Differences with torch.nn.functional.gelu
torch.nn.functional.gelu
torch.nn.functional.gelu(input) -> Tensor
For more information, see torch.nn.functional.gelu.
mindspore.ops.gelu
mindspore.ops.gelu(input_x, approximate='none')
For more information, see mindspore.ops.gelu.
Differences
PyTorch: This function represents the Gaussian error linear unit function \(GELU(X)=X\times \Phi(x)\), where \(\Phi(x)\) is the cumulative distribution function of the Gaussian distribution. The input x denotes an arbitrary number of dimensions.

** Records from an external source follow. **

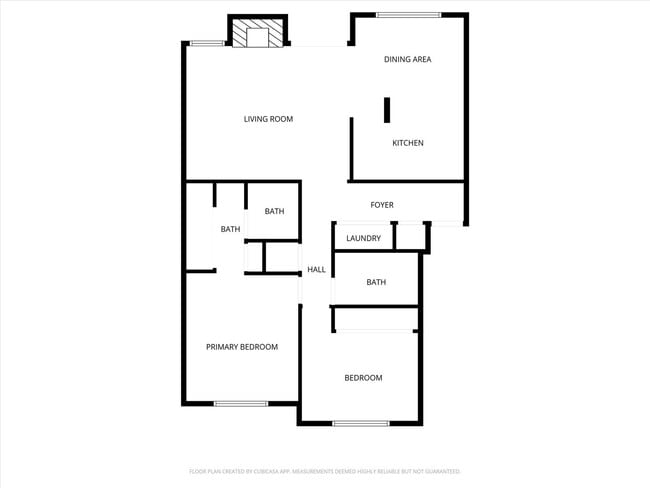 Building Photo - Spacious 2-bed 2-bath condo in Everett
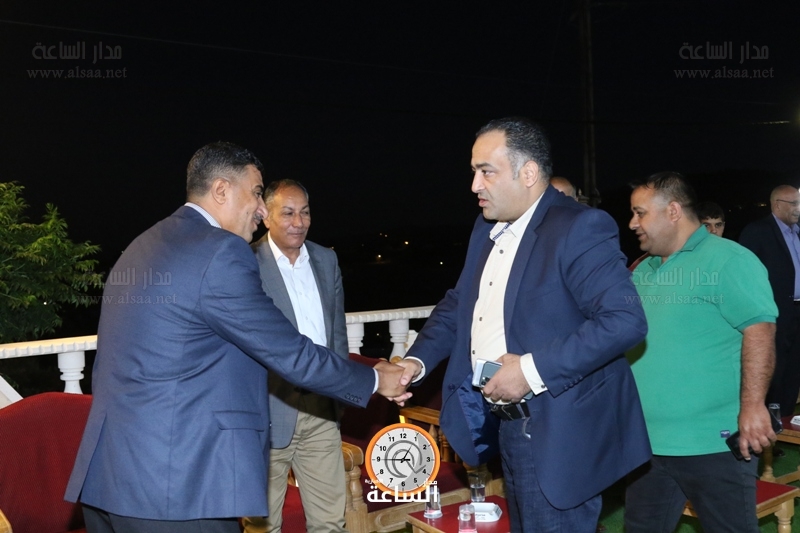 Madar Al-Saa Images
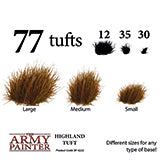 Army Painter Battlefields: Highland Tuft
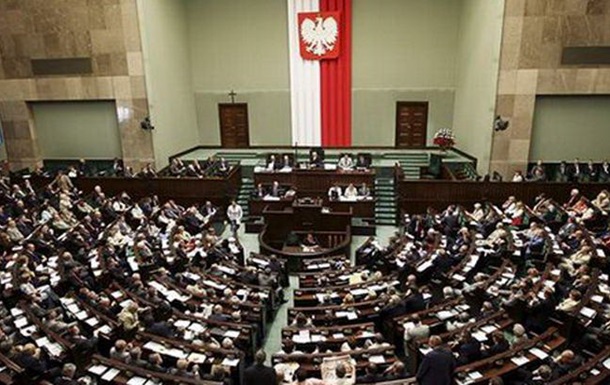 Готового документа щодо врегулювання кризи в Україні поки немає - уряд Польщі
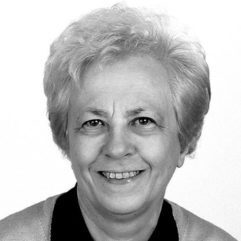 Brigitte Girault-Daux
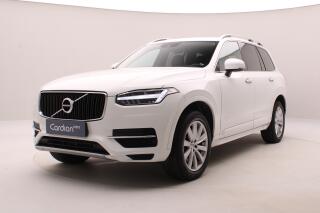 Volvo XC90 D5 AWD MOMENTUM AUT REZERVACE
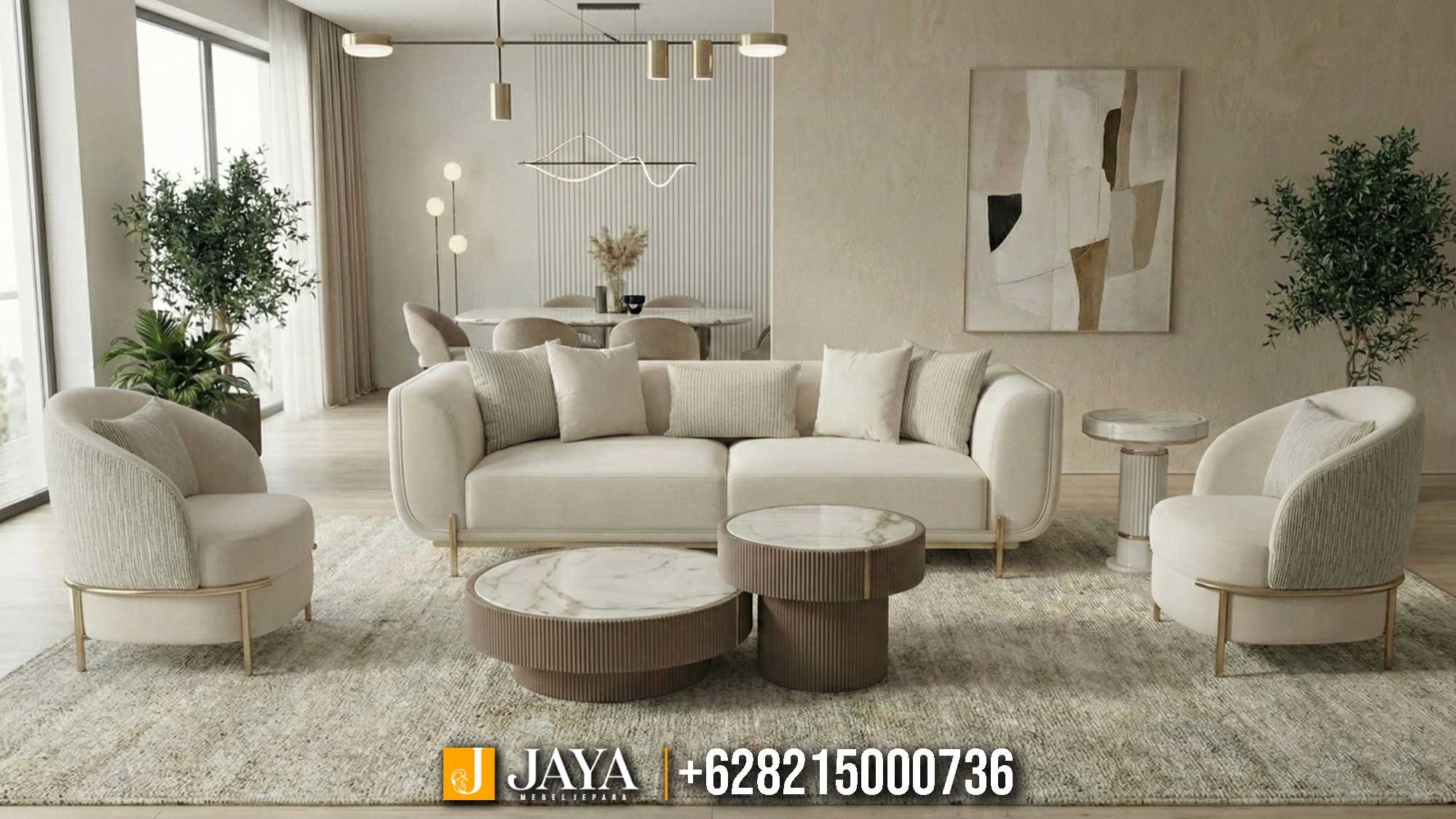 Sofa Tamu Minimalis Modern Luxury Turky Style JM-23 Sofa Tamu Minimalis Modern Luxury Turky Style JM-23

MindSpore: MindSpore API implements basically the same function as PyTorch.
Categories |
Subcategories |
PyTorch |
MindSpore |
Difference |
---|---|---|---|---|
Parameter |
Parameter 1 |
- |
approximate |
There are two gelu approximation algorithms: 'none' and 'tanh', and the default value is 'none'. After testing, the output is more similar to Pytorch when approximate is 'none'. |
Input |
Single input |
input |
input_x |
Same function, different parameter names |
Code Example 1
The two APIs achieve the same function and have the same usage.
# PyTorch
import torch
input = torch.Tensor([[2, 4], [1, 2]])
output = torch.nn.functional.gelu(input)
print(output.detach().numpy())
# [[1.9544997 3.9998734]
# [0.8413447 1.9544997]]
# MindSpore
import mindspore
import numpy as np
x = mindspore.Tensor(np.array([[2, 4], [1, 2]]), mindspore.float32)
output = mindspore.ops.gelu(x)
print(output)
# [[1.9545997 3.99993]
# [0.841192 1.9545977]]